ASSIGNMENT: With pictures left out, output exactly the lines of the listing below from the line that has "Black-chinned Mountain-Tanager Photo" to the line that has "七年级下册知识默写-【临考必", both lines kept.

DATASET ENTRIES:

BEGIN

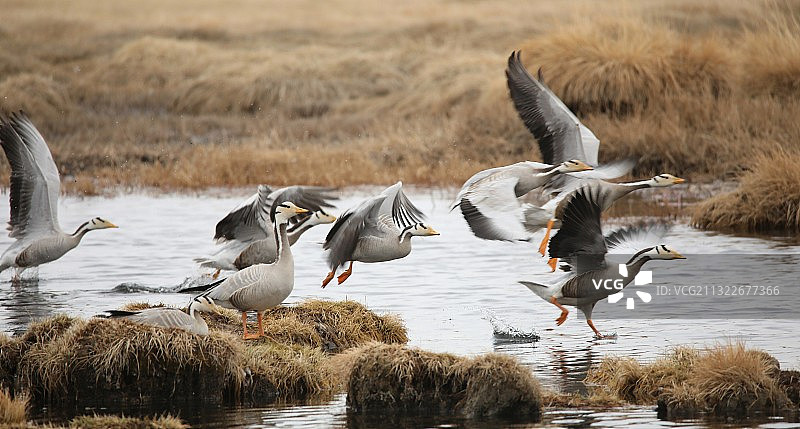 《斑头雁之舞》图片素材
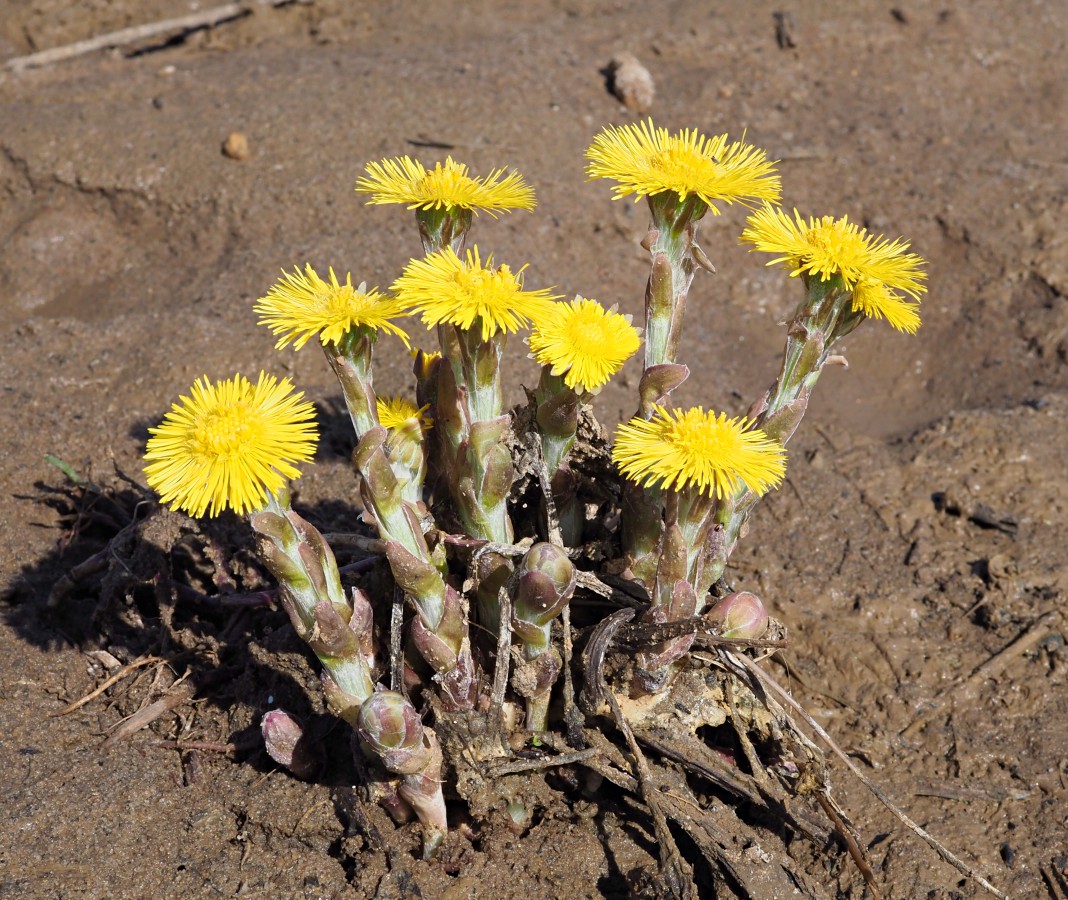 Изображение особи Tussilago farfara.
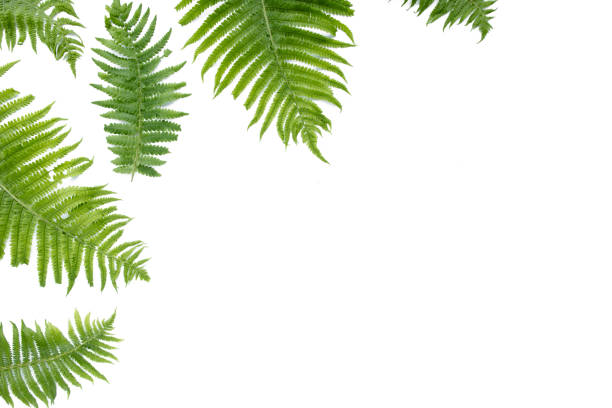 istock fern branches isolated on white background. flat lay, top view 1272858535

END
BEGIN

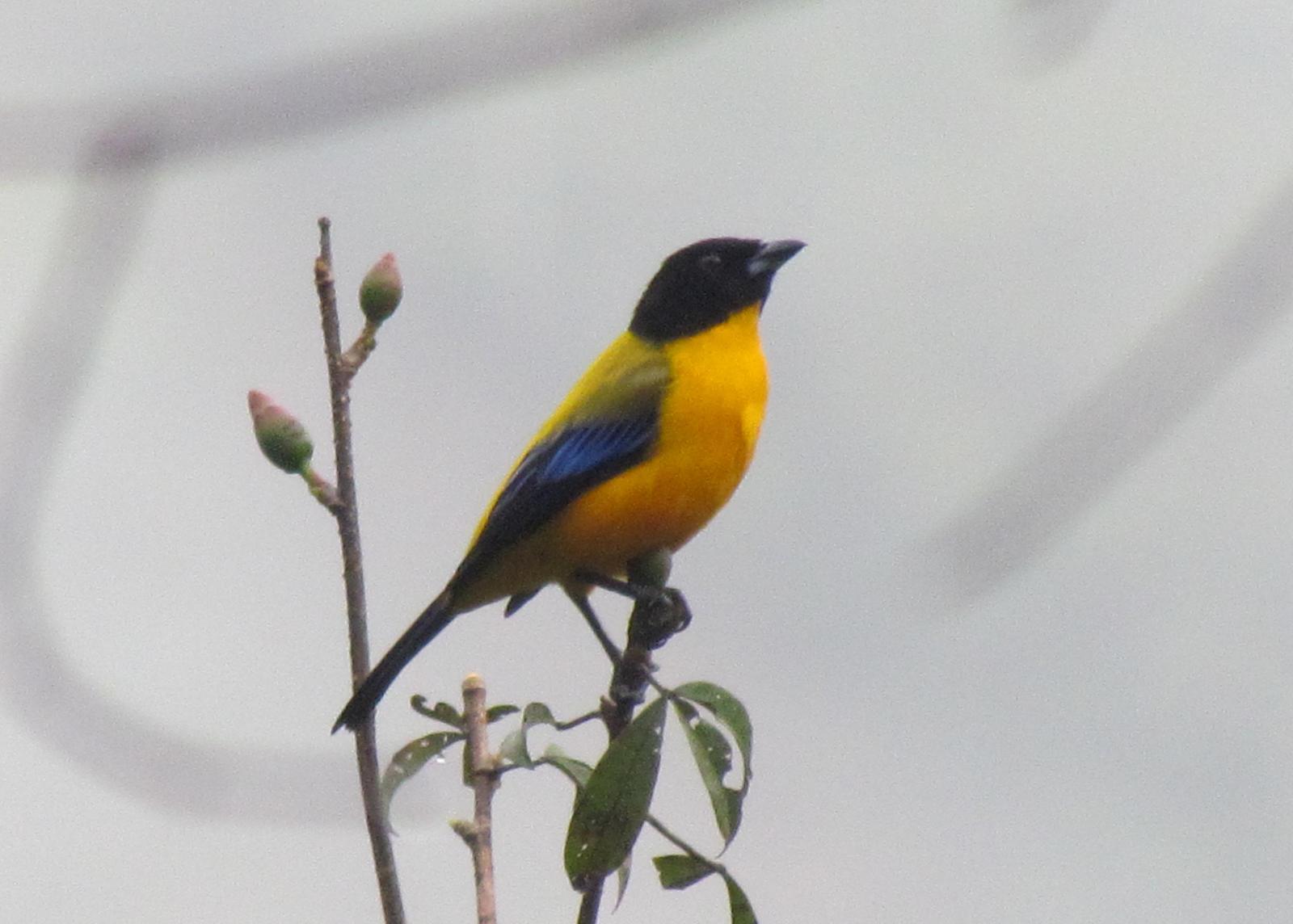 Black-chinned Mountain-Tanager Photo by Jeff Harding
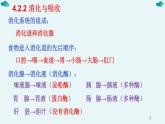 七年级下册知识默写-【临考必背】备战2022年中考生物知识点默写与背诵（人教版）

END
BEGIN

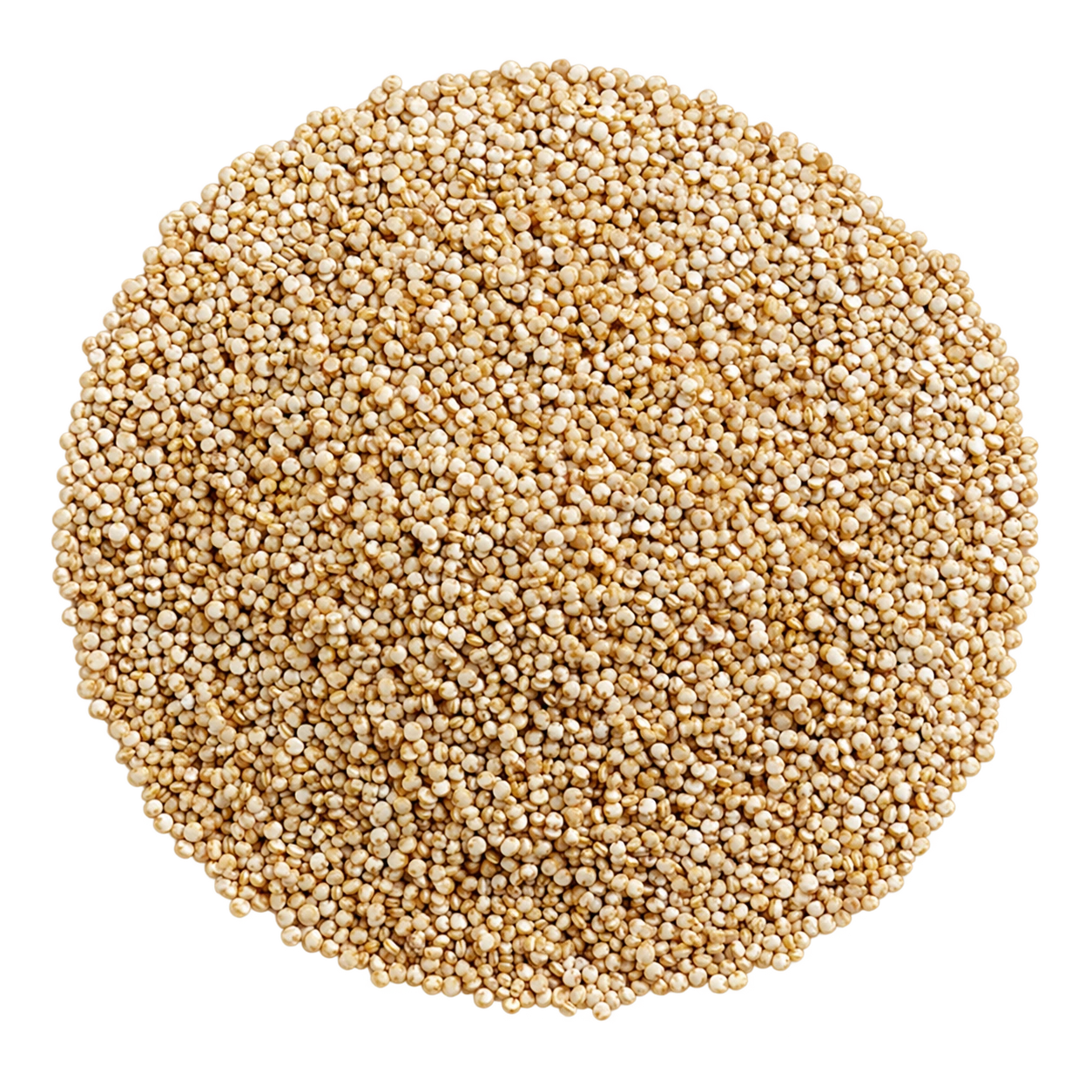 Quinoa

END

ANSWER TO THE PROBLEM:
 Black-chinned Mountain-Tanager Photo by Jeff Harding
 七年级下册知识默写-【临考必背】备战2022年中考生物知识点默写与背诵（人教版）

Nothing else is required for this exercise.